Compilation album by Broken Social Scene
- Released: March 24, 2004
- Recorded: June 2001–October 2003
- Genre: Ambient; post-rock; baroque pop; dream pop;
- Length: 48:57
- Label: Arts & Crafts
- Producer: Ohad Benchetrit, Dave Newfeld, Richard Woodcraft

Broken Social Scene chronology
| You Forgot It in People (2002) | Bee Hives (2004) | Broken Social Scene (2005) |

= Bee Hives =

Bee Hives is a 2004 album by Canadian indie rock group Broken Social Scene. It is a collection of B-sides from their second full-length, You Forgot It in People.

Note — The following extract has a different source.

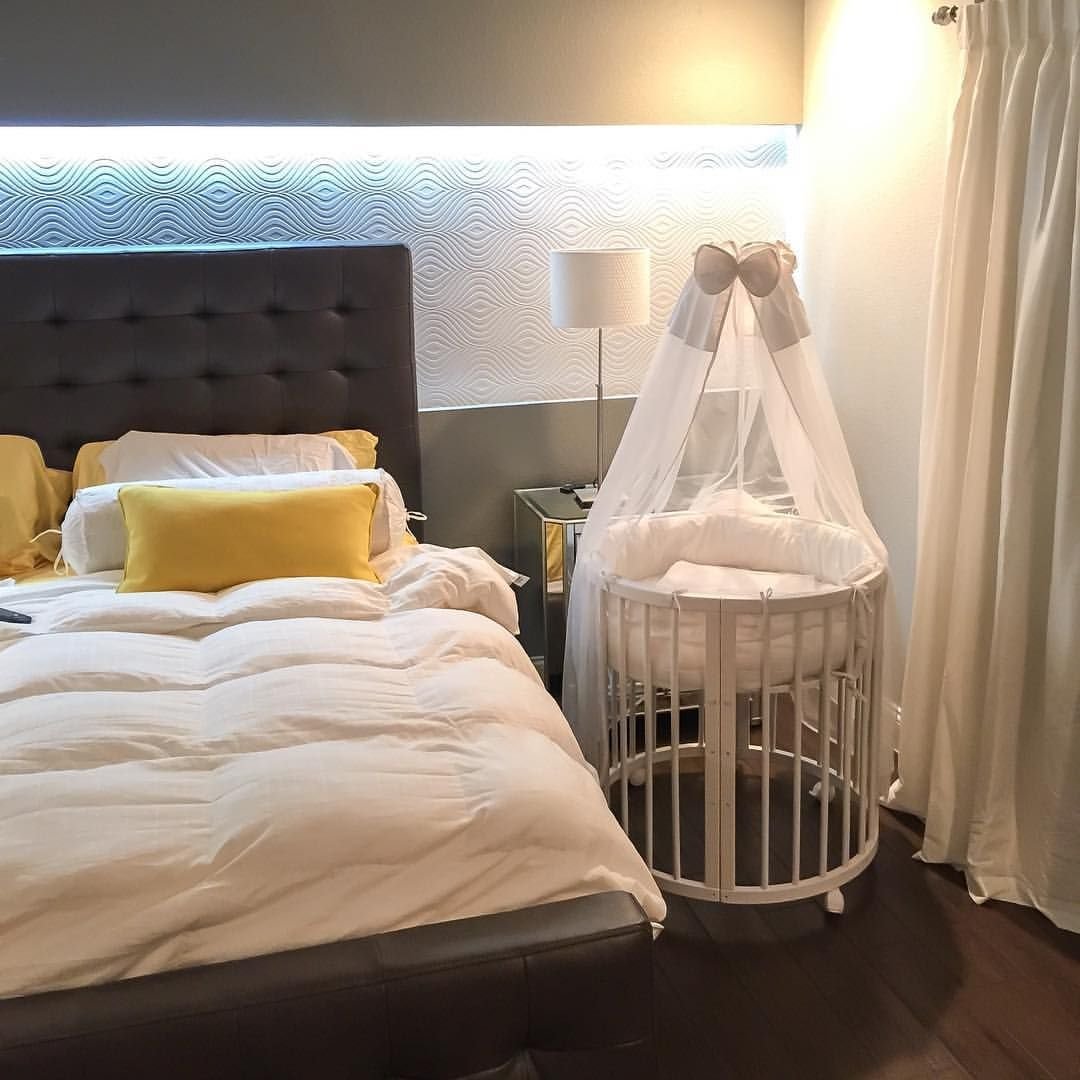 спальня родителей с детской кроваткой фото интерьера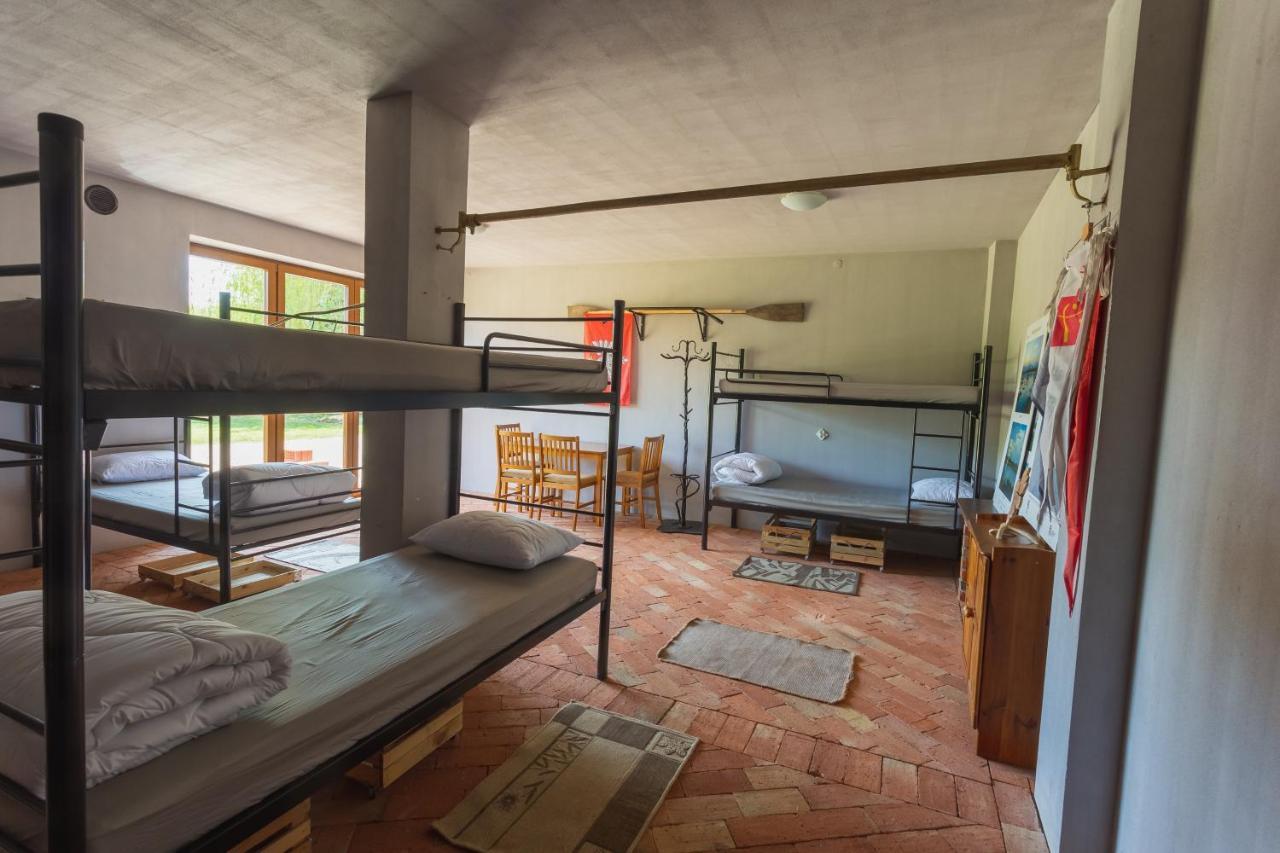 산도미에르즈 Gosciniec Kocmierzow B&B 외부 사진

The working title for the album was Death Is a B-Side. Cover art for this title can be found in the book This Book Is Broken.

Professional ratings
Review scores
| Source | Rating |
| AllMusic |  |
| Pitchfork Media | (5.6/10) |

==Track listing==
1. "(untitled - intro)" – 0:37
2. "Market Fresh" – 3:57
3. "Weddings" – 7:02
4. "hHallmark"^{1} – 3:53
5. "Backyards" – 8:14
6. "Da Da Da Da" – 7:09
7. "Ambulance for the Ambience" – 5:18
8. "Time = Cause" – 5:07
9. "Lover's Spit"^{2} – 7:34

==Notes==
^{1} The song title "hHallmark" is not a typographical error. The extra "h" is an allusion to Brendan Canning's prior band, hHead.

^{2} Feist contributed vocals to the single "Lover's Spit" as a B-side.